Although Night of the Living Dead is ostensibly a B-movie, it rarely feels like one. That's thanks in part to Romero's efficient, moody direction that heavily pays homage to Alfred Hitchcock (the rapid zoom effects paired with screeching music, the stark noir-ish lighting, the Hitchcockian blonde), and in part to Duane Johnson's stunningly naturalistic performance. He gives Ben an astonishing and modern countenance (save for perhaps his very measured enunciation), a sharp departure from the theatrical artifice of his co-stars.
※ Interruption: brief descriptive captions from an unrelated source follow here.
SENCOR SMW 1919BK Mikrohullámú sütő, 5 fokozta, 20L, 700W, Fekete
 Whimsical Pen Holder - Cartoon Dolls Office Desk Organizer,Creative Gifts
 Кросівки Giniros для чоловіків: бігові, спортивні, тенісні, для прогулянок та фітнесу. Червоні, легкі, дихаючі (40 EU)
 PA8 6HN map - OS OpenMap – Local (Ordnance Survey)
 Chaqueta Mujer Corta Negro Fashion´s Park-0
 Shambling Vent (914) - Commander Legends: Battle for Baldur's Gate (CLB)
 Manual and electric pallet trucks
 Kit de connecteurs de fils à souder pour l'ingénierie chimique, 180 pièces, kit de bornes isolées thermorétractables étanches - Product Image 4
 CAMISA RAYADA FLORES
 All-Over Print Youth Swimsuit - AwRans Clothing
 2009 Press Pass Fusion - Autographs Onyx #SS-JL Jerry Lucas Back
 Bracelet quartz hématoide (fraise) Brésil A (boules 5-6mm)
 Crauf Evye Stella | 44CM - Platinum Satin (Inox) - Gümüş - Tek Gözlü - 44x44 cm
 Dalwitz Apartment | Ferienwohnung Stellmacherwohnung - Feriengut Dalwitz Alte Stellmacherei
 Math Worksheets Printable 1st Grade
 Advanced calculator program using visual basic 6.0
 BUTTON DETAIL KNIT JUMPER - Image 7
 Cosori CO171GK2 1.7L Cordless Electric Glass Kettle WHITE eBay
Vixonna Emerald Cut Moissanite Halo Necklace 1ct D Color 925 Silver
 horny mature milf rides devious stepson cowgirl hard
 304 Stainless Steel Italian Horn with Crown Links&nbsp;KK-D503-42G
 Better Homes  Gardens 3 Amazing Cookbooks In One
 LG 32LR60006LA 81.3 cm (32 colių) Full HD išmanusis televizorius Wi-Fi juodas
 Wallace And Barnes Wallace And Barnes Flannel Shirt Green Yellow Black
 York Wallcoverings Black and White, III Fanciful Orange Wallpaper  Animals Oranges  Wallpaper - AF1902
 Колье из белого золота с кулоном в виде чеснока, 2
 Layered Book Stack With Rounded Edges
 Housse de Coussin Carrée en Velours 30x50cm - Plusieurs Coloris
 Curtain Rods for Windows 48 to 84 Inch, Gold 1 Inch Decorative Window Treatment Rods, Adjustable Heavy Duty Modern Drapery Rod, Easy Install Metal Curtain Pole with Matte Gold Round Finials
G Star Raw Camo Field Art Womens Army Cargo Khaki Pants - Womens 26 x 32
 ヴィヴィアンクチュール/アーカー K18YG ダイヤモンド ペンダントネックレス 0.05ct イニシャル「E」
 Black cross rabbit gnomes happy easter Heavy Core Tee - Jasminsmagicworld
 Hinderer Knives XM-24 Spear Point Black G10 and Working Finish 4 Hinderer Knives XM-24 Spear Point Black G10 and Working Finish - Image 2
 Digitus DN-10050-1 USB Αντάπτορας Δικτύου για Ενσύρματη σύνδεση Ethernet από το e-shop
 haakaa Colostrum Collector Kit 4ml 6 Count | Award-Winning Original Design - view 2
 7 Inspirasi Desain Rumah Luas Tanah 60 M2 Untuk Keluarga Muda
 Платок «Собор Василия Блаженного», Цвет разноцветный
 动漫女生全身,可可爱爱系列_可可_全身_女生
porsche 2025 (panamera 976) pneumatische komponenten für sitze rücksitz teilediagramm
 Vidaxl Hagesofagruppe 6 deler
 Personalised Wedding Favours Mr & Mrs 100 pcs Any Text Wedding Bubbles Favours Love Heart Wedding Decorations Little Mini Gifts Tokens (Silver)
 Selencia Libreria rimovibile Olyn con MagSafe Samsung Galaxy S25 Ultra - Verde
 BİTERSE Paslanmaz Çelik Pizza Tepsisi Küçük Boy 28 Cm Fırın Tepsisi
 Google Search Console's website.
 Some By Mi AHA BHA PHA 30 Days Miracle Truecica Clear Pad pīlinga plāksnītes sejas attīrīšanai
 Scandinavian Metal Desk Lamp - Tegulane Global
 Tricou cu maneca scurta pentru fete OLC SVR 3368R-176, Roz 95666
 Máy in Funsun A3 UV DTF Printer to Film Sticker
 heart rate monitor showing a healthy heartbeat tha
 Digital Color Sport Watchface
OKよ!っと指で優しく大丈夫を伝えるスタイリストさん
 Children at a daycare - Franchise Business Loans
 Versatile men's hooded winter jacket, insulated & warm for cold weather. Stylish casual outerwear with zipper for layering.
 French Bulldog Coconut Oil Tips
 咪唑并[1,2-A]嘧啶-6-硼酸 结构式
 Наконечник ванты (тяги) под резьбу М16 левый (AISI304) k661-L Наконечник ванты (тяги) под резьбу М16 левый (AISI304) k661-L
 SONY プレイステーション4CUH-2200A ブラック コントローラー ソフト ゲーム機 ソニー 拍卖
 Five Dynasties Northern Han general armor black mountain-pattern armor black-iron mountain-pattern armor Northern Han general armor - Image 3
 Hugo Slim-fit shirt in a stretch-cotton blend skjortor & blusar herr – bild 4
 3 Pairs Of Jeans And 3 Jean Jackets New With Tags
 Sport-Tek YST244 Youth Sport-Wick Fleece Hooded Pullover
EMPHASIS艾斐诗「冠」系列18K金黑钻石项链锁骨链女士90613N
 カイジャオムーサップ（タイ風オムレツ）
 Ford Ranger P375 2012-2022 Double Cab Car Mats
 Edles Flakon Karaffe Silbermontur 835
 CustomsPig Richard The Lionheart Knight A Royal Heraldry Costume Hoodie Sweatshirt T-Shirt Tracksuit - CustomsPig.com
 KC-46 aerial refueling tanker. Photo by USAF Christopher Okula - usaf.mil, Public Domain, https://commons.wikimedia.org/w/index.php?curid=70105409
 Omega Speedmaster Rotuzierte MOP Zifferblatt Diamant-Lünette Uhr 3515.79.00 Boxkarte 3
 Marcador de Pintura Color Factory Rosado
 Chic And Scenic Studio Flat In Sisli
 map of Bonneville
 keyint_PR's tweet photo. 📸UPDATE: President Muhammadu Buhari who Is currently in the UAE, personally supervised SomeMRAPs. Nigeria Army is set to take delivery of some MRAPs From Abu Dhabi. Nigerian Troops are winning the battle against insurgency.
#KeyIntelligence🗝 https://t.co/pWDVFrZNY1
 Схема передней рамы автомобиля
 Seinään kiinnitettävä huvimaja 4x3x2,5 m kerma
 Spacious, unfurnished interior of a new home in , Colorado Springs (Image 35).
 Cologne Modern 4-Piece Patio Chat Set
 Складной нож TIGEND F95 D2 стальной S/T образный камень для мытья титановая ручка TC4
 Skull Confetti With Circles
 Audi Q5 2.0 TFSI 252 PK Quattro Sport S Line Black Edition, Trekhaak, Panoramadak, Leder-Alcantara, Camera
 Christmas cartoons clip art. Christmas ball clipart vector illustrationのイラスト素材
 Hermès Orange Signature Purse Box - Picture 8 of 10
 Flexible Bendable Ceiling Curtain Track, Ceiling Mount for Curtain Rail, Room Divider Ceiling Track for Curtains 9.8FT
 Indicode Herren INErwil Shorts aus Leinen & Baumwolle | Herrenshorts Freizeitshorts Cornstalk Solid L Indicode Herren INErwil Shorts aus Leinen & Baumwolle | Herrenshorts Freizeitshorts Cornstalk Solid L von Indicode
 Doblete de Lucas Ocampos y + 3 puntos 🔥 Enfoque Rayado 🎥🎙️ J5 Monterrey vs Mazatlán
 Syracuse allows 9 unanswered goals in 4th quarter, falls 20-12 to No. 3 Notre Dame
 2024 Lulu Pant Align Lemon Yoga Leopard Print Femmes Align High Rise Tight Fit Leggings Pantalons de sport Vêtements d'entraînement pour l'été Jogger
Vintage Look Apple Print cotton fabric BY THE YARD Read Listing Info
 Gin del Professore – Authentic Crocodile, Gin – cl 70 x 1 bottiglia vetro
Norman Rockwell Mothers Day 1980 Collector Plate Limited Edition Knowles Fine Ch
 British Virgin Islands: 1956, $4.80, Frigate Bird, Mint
It's probably what makes him so instantly sympathetic compared to his fellow archetypal survivors, whose introduction midway through the movie suddenly transforms the narrative into "Six Angry Men and Women." The wall-to-wall emotion threatens to make the film feel like a glorified play, until the tempers finally come to a boiling point between Ben and Harry, and the scene turns into a chaotic Lord of the Flies-style battle royale. Barbra's childish hysteria is frustrating to witness (it's one of the few elements of the film that hasn't aged well), as were the typical "beautiful people in a horror film acting dumb" storylines that we see, courtesy of Tom and Judy. Though were those so typical at the time?

Powerful, persuasive, and just a touch pulpy, Night of the Living Dead is yet another confirmation that the zombie genre is ideal for providing cultural commentary on a specific time and place. Night of the Living Dead strikes that perfect balance between glorious B-movie and unqualified masterpiece.